[Task details]
Give back exactly the lines of the entries below from the line with "Dewalt 20V Max" to the line with "Jo&atilde;o Mader Bellotto, filho", inclusive, and only those.

[Exercise data]

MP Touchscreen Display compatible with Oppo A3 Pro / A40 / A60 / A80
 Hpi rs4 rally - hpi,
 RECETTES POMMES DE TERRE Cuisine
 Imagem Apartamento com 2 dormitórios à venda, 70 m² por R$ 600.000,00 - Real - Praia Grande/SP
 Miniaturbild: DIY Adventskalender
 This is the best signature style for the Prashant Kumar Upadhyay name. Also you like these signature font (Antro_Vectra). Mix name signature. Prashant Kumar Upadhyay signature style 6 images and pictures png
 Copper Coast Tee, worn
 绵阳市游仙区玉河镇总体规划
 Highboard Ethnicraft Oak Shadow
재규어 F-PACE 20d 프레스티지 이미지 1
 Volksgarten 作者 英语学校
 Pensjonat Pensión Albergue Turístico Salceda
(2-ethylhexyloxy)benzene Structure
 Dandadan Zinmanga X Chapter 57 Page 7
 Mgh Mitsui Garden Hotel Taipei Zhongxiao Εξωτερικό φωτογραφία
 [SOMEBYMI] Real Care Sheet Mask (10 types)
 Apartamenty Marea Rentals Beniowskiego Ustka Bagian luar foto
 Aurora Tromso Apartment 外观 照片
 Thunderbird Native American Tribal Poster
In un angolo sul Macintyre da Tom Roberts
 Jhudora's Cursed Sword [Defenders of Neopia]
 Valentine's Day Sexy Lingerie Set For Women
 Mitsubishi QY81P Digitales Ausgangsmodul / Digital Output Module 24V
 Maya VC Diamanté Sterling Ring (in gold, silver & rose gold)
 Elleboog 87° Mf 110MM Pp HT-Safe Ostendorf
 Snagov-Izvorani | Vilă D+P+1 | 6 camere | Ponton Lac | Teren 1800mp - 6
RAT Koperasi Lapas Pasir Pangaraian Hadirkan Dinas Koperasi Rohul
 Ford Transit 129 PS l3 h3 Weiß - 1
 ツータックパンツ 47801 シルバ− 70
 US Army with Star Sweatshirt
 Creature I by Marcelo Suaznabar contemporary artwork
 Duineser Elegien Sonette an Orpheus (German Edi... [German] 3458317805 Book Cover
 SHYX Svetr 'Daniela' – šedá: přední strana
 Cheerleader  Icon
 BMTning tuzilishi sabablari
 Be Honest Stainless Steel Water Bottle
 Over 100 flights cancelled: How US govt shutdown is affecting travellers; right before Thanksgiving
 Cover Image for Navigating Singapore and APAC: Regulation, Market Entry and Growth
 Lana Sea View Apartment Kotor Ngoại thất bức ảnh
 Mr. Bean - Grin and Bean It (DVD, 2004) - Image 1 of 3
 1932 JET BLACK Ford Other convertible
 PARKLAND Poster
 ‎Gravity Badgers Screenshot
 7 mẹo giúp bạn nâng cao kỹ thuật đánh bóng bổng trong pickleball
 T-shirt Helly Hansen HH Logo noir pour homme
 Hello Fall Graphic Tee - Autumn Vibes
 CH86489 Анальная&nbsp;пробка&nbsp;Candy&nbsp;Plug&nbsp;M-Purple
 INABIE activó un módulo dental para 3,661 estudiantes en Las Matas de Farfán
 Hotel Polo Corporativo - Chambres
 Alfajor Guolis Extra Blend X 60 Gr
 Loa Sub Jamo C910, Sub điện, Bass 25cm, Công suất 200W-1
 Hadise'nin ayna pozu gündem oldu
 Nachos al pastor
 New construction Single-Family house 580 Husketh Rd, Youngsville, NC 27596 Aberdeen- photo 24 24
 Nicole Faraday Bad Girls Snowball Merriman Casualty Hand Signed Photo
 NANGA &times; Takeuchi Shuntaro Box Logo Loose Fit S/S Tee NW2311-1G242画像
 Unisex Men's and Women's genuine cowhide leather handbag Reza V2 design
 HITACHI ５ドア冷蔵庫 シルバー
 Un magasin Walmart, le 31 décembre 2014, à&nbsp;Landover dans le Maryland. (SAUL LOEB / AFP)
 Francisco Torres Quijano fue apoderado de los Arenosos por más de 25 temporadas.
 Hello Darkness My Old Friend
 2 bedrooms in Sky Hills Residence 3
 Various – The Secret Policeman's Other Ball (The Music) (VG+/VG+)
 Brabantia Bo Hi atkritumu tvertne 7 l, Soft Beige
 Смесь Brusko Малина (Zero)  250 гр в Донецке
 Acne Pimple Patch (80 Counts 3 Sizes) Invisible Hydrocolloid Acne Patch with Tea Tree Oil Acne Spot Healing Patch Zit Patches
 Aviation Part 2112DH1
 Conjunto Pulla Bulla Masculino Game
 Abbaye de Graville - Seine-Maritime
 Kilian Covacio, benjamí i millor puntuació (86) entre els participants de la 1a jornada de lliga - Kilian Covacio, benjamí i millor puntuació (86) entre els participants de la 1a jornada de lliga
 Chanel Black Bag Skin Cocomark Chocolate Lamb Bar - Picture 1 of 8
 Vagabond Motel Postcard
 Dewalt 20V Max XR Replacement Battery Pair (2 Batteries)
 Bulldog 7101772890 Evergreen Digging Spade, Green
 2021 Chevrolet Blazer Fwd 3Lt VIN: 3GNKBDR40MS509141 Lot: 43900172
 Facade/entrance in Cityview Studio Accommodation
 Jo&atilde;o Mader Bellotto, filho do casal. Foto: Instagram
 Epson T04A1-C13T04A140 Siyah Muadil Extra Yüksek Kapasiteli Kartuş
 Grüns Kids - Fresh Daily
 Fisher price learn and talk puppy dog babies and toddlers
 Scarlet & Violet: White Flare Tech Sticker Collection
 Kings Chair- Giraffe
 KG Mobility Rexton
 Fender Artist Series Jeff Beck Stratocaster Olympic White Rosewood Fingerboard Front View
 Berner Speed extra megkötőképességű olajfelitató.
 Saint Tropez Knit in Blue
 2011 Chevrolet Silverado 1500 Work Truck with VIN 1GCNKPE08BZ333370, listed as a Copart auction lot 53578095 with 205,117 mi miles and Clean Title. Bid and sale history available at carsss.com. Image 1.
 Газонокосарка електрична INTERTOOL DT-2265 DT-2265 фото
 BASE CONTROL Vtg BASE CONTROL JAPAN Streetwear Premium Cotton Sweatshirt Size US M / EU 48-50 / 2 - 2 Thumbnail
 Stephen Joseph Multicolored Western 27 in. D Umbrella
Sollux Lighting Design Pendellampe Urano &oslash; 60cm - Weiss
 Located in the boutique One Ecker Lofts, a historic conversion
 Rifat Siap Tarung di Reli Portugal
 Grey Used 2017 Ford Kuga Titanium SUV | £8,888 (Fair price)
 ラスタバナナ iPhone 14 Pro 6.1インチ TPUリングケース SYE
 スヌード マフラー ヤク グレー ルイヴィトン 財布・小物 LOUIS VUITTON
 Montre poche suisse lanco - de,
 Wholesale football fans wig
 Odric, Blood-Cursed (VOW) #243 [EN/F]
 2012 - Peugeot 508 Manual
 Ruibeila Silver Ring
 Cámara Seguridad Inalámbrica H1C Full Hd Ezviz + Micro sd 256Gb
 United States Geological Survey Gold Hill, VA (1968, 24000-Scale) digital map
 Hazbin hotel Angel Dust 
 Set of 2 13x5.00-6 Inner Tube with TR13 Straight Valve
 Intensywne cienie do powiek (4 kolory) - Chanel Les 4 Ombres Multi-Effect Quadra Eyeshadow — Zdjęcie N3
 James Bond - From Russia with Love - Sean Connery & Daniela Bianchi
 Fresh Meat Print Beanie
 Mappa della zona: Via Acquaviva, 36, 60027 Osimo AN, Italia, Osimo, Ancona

[Output for this task]
 Dewalt 20V Max XR Replacement Battery Pair (2 Batteries)
 Bulldog 7101772890 Evergreen Digging Spade, Green
 2021 Chevrolet Blazer Fwd 3Lt VIN: 3GNKBDR40MS509141 Lot: 43900172
 Facade/entrance in Cityview Studio Accommodation
 Jo&atilde;o Mader Bellotto, filho do casal. Foto: Instagram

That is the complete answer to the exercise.